Scientist AI Twins

MIT class project on personalized AI agents modeled after real scientists, grounded in their top-cited papers. Two twins in conversation: one proposes, one challenges. Toward automated digital science twins as a primitive for hypothesis generation.

Researcher

AIagentsresearch

Can we cross-validate scientific hypotheses by simulating discussions between digital twins of real scientists? That was the question I spent a semester on for AM³L at MIT — and the answer is partially, with caveats.

The problem

Human researchers face limitations. They are pulled across reading, mentoring, meetings, presentations — leaving little room to actually discuss research with colleagues and chase new directions. They also can't remember every detail of every paper, including their own.

The proposed solution

If we can capture a scientist's idiosyncratic expertise in an AI agent — equipped with their published knowledge — then pairs or groups of those agents could interact, discuss, and propose hypotheses continuously and efficiently. Simulating expert interactions could accelerate finding research gaps in mechanics and materials.

My original proposal was more ambitious: multi-agent crowdsourcing, where a first set of agents propose hypotheses and a second set discusses and votes on them — a small in-silico peer review. I ran out of time to build the voting layer and got more interested in the personalization itself, so the final implementation scoped down to pairs of twins in conversation.

What got built

For each scientist, I assembled a small corpus and indexed it into a vector database via LlamaIndex:

Top 20 all-time cited papers from Google Scholar
5 most-cited recent papers (2019–2024) — to balance the citation-accrual lag and the recency effect

Two RAG-grounded agents then enter conversation:

Agent 1 offers detailed ideas and explanations
Agent 2 asks challenging, adversarial questions
A third agent summarizes the key findings at the end

The base model was bioinspiredZephyr, with sanity comparisons against GPT-4 and Llama 3.

Experiments

I built twins of six scientists — Markus Buehler, Julia Greer, Pattie Maes, Refik Anadol, Neri Oxman, and Hilary Hahn — and ran roughly ten to twelve pairings across them. Three highlights, chosen to show the range of what the conversations could sustain:

Markus Buehler × Julia Greer — same domain (bio-inspired, high-strength structural materials). Agreed quickly on biodegradable ceramic nanostructures and the scalability problems with additive manufacturing. Conclusion: not in-depth enough.
Markus Buehler × Pattie Maes — cross-domain (materials × HCI).
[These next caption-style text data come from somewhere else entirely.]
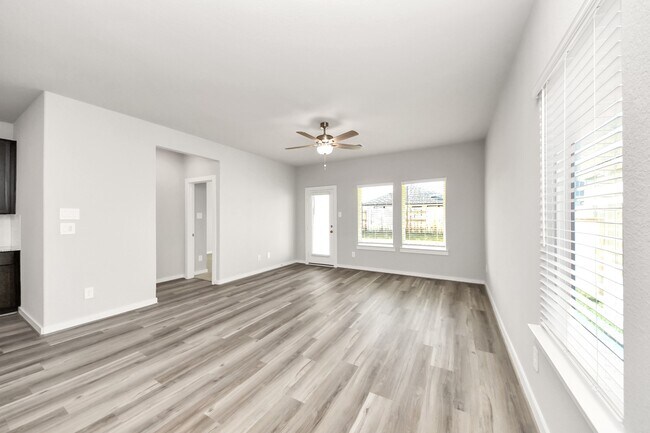 Building Photo - 16690 Sterling Clf St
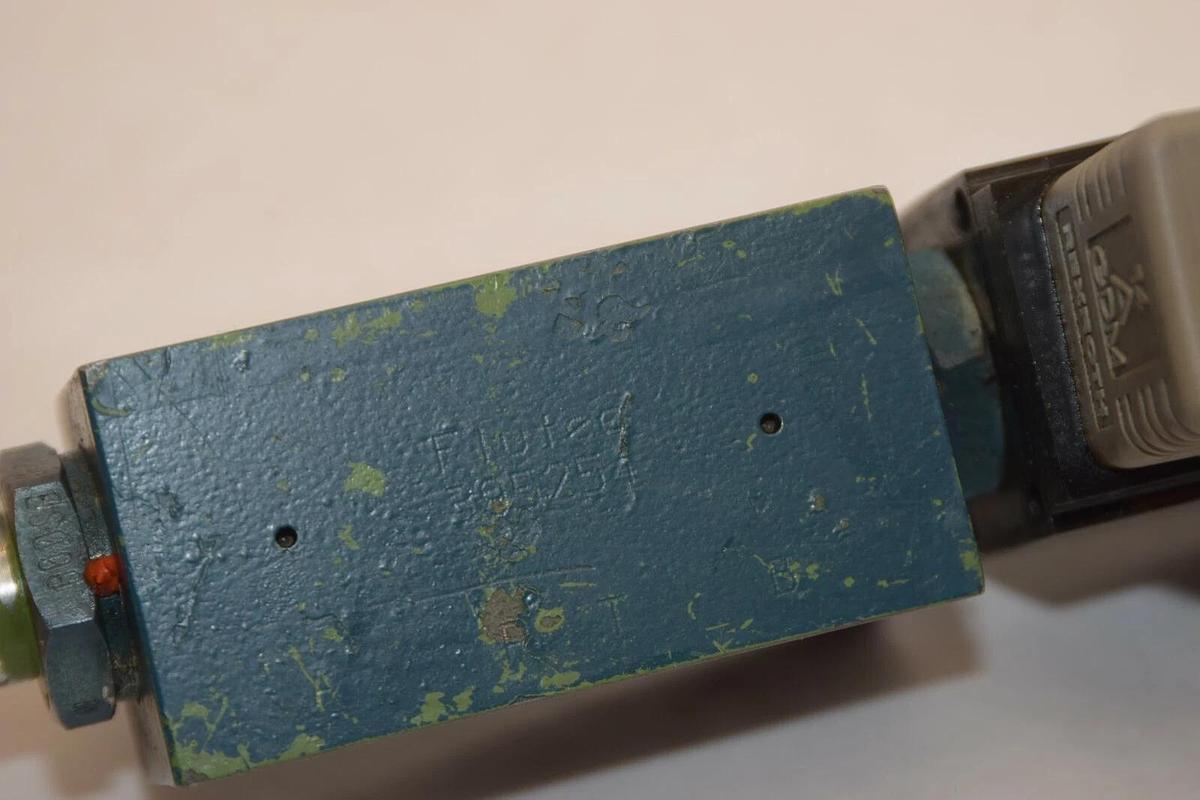 Used FLUTEC 395254 Valve With Coil EZ-203 24V Dc *Missing 1 Coil*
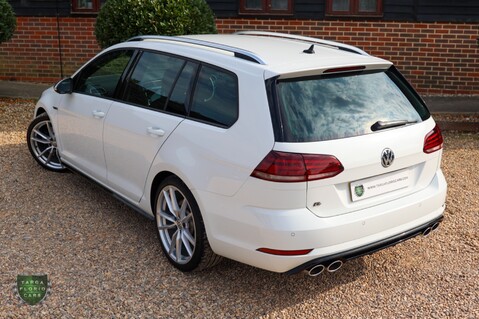 Volkswagen Golf R 2.0 TSI 4MOTION DSG ESTATE 7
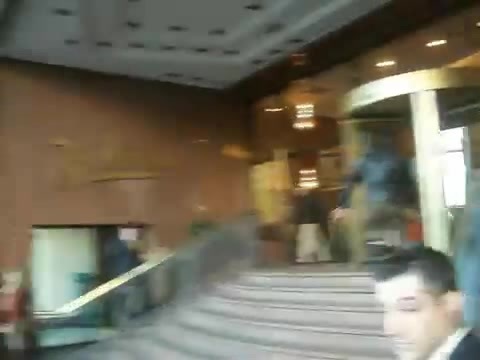 Demi Lovato Saludando en el hotel Radisson Uruguay 29_04_12 1423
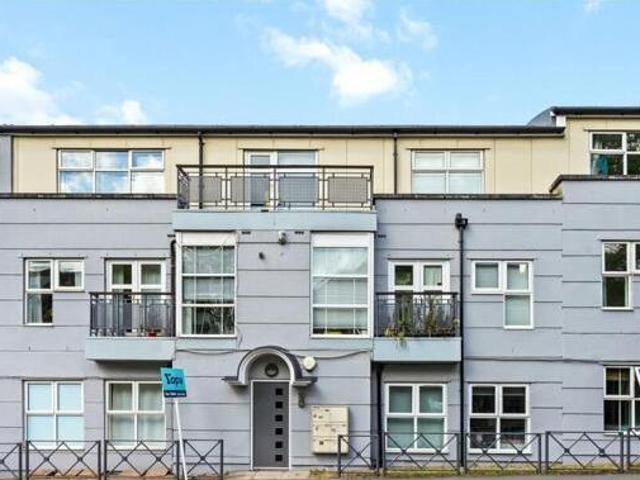 House for rent in Kingston Upon Thames, Greater London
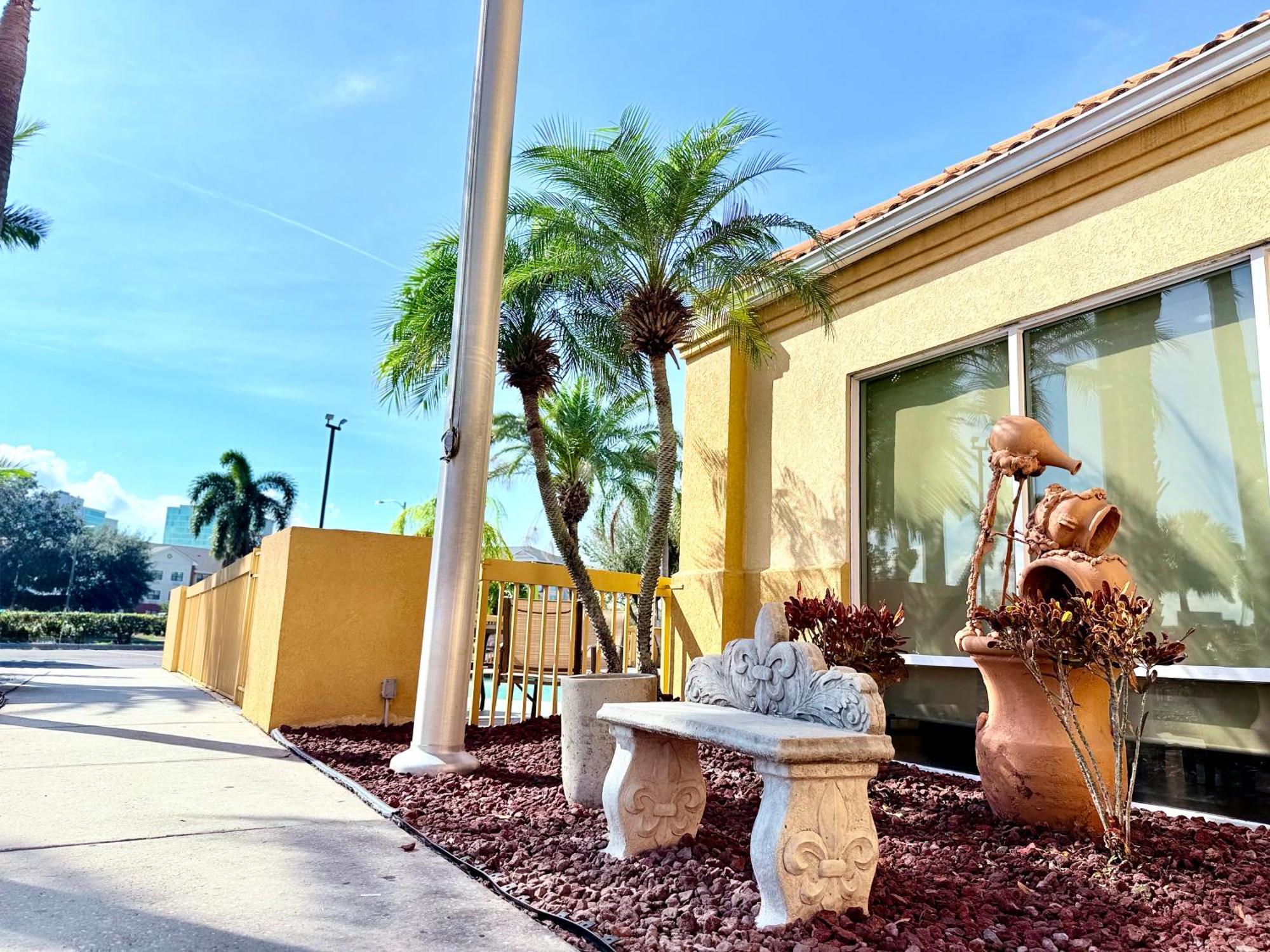 La Quinta By Wyndham Orlando Universal Area - Free Shuttle To Universal Εξωτερικό φωτογραφία
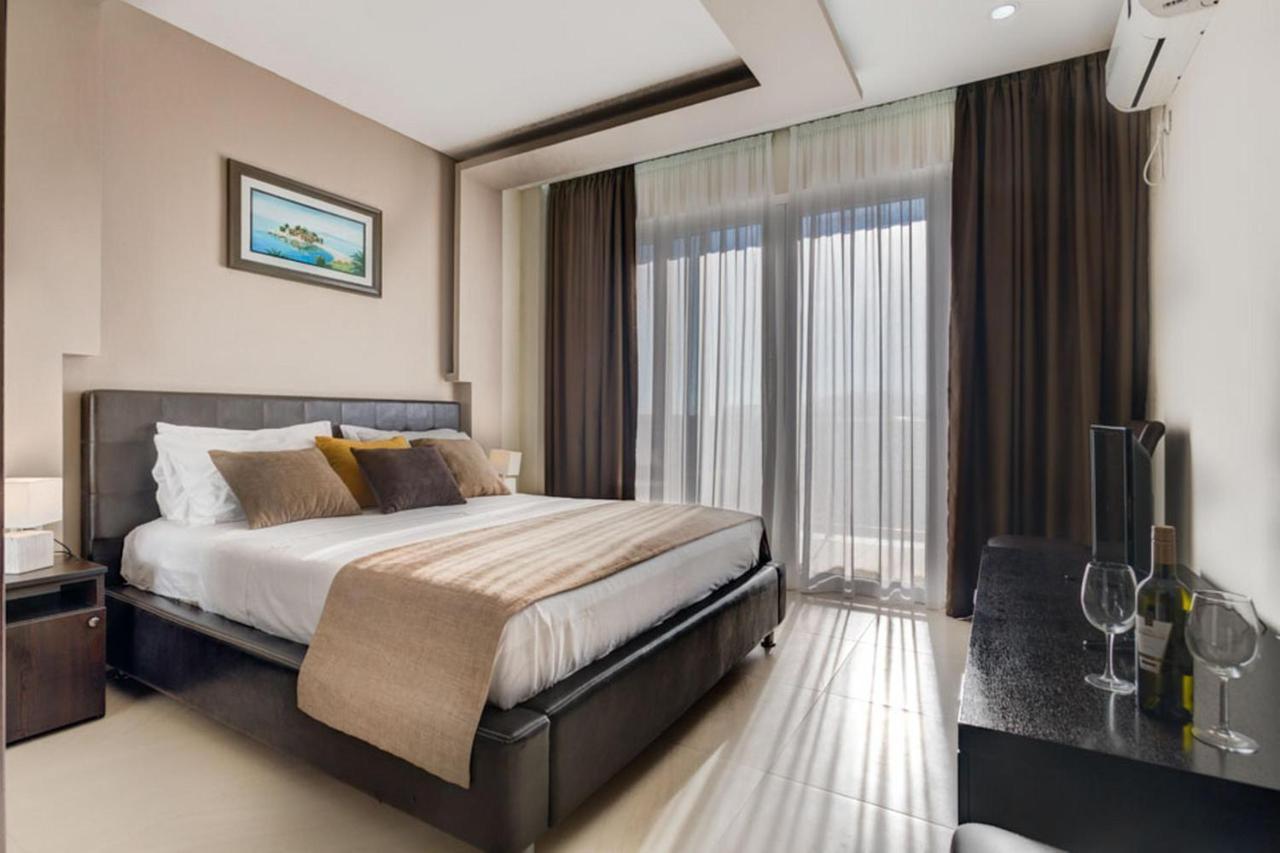 Hotel Zan 울친 외부 사진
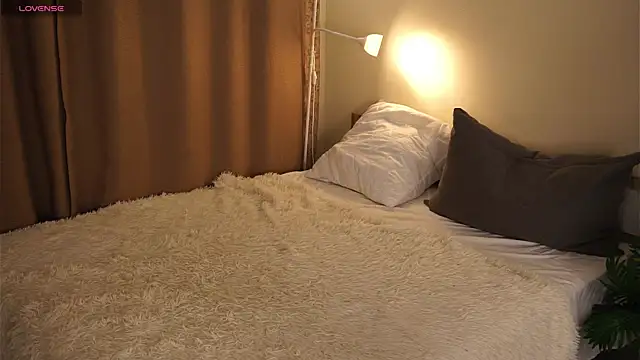 Snapshot of LuannStockbridge chatting on February 2026 05:00:01 PM LuannStockbridge online show from February 2026 05:00:01 PM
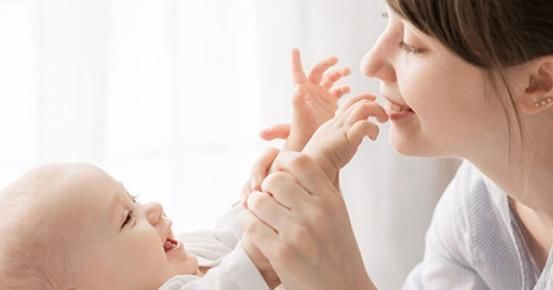 男婴|6个月男婴被扔超市,4小时无人认领,宝妈解释让人哭笑不得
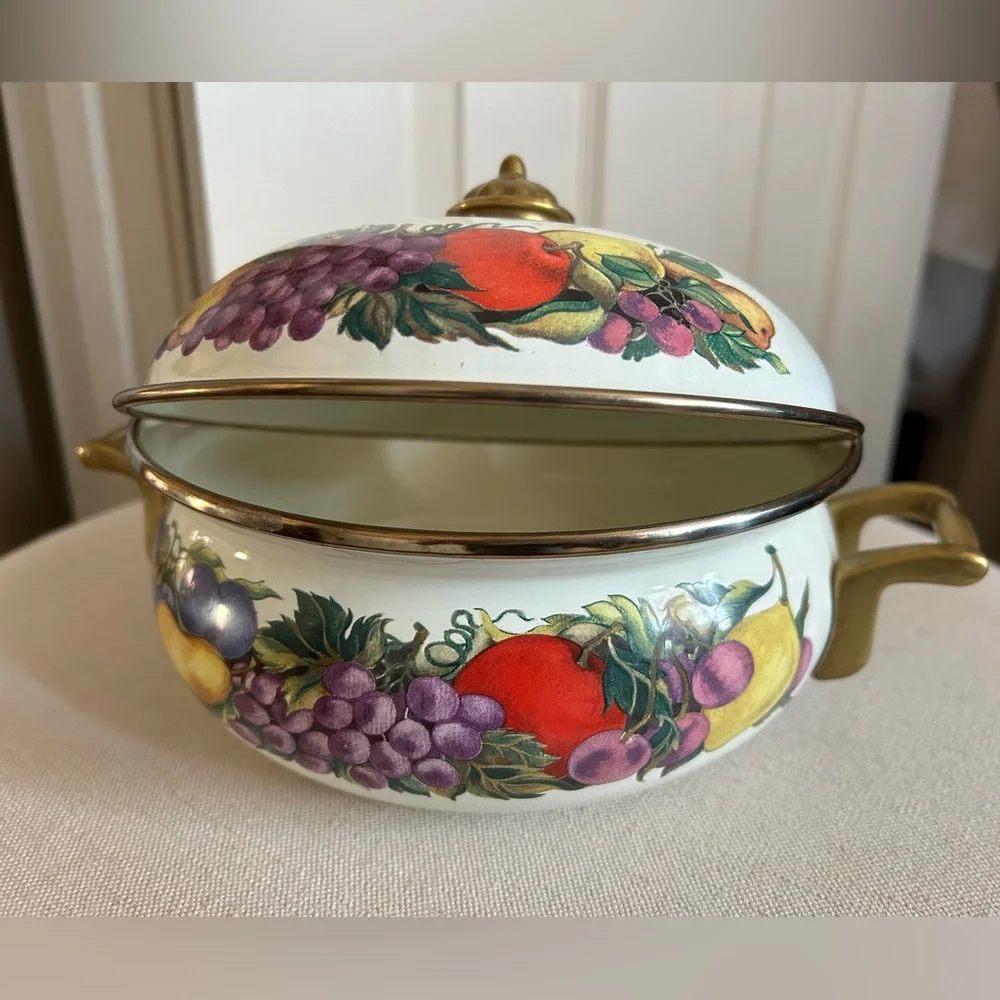Vintage Cornucopia Kitchen Enamel Casserole Dutch Oven Fruit Design 2.5 Quart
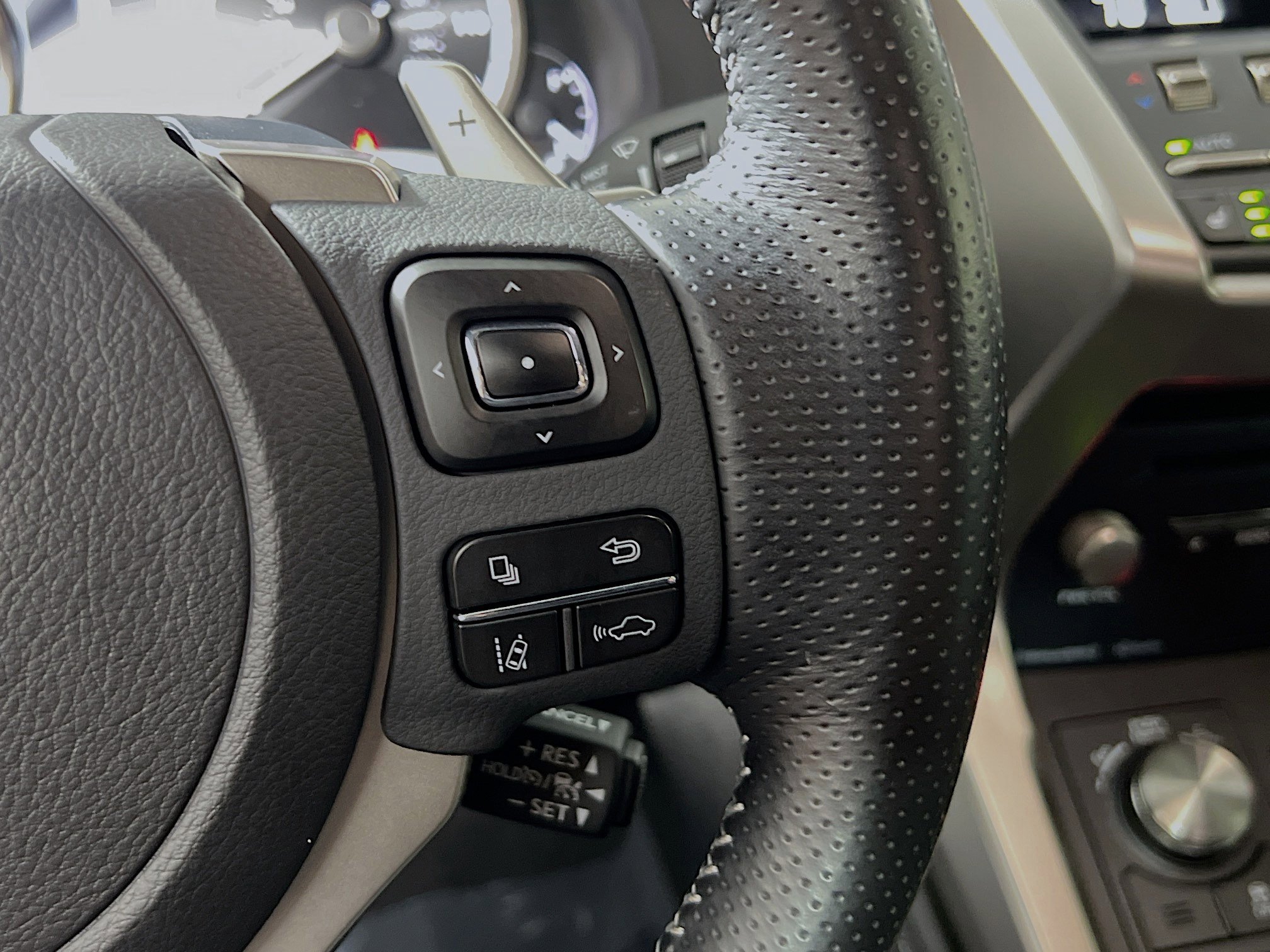 Used 2021 Lexus NX 300 F Sport w/ F Sport Premium Package FWD image 20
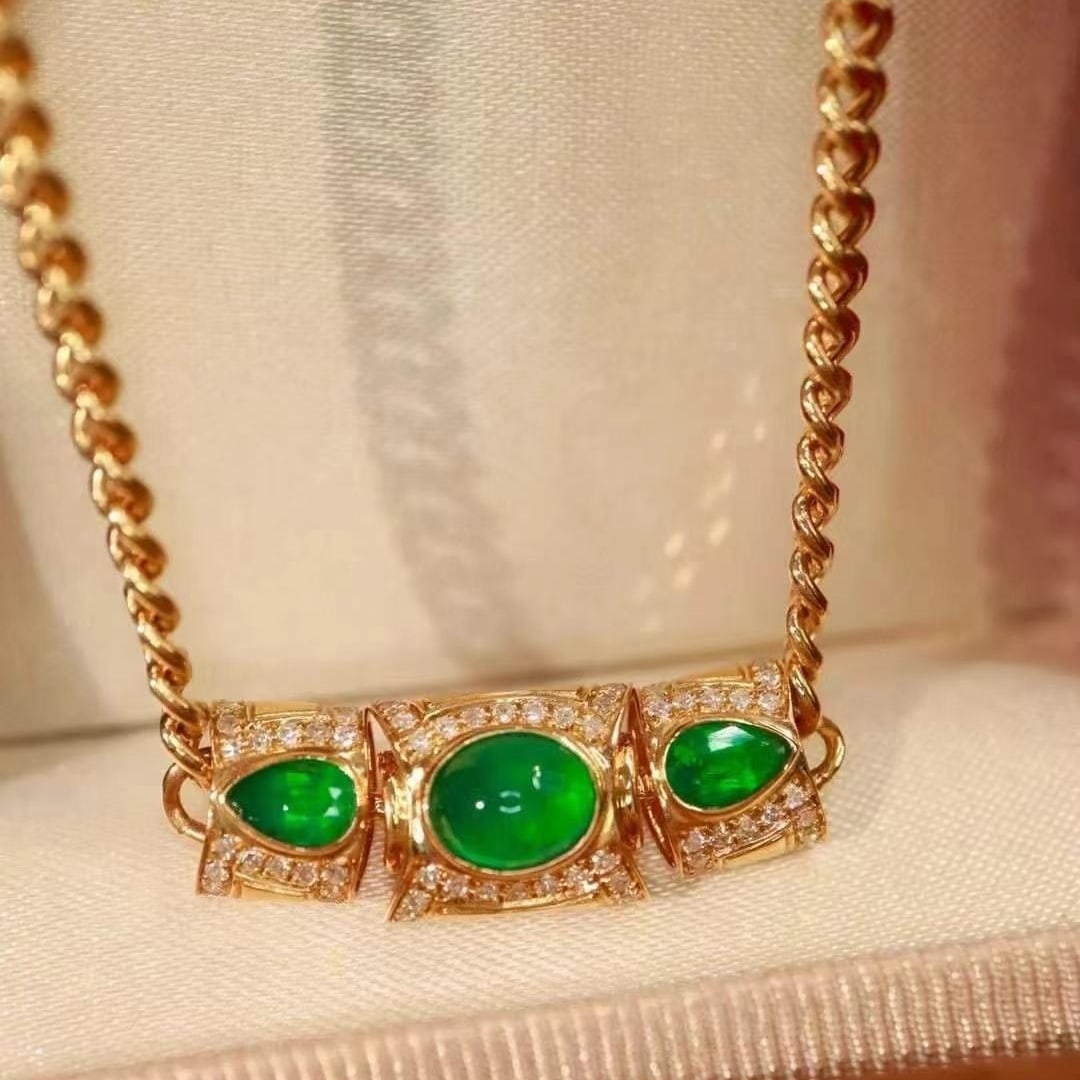 14k Gold 1.46 Ctw Vivid Green Natural Emerald & Diamond Necklace - 5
Surface-level for most of the run; the genuinely interesting question — "Could we generate and test thousands of interface designs in a simulated environment?" — landed in the last turn, just as the conversation timed out.
Markus Buehler × Refik Anadol — expert × artist, moonshot framing. Returned reasonable directions (nature-inspired materials, multi-scale biological simulation, ML-driven material discovery) but looped on the same four ideas.

What I learned

RAG sharpens but narrows. With paper grounding, the agents become more technically grounded but also more rigid — sometimes too rigid to leap across domains.
GPT-4 was the best of the bunch. More creative and more technically precise — possibly because of the larger volume of paywalled scientific literature in its training corpus.
Adversarial framing backfired. The "challenger" agent often refused to cooperate where a real colleague would have built on the idea. Real discussions are mostly yes-and, not yes-but.
Conversation length matters. 6–8 turns was usually too few. The interesting questions tended to surface late — after the agents had exhausted the obvious.
Top-cited isn't the only signal. Worth experimenting with the long tail of moderately cited papers; sometimes the unsung work carries the actually novel idea.

Where it points

This was a step toward automated digital science twins — once the personalization mechanism is faithful enough, the twins become a primitive you can plug into automated pipelines for hypothesis generation, design exploration, and discovery. The orchestration isn't the hard part. Faithful personalization is. We're not there yet.

A few months later, with a different team, I extended these ideas into Society of Scientists — a multi-agent system for full grant-proposal generation that won first place at the AGI House × Sundai hackathon. Same primitive, broader application.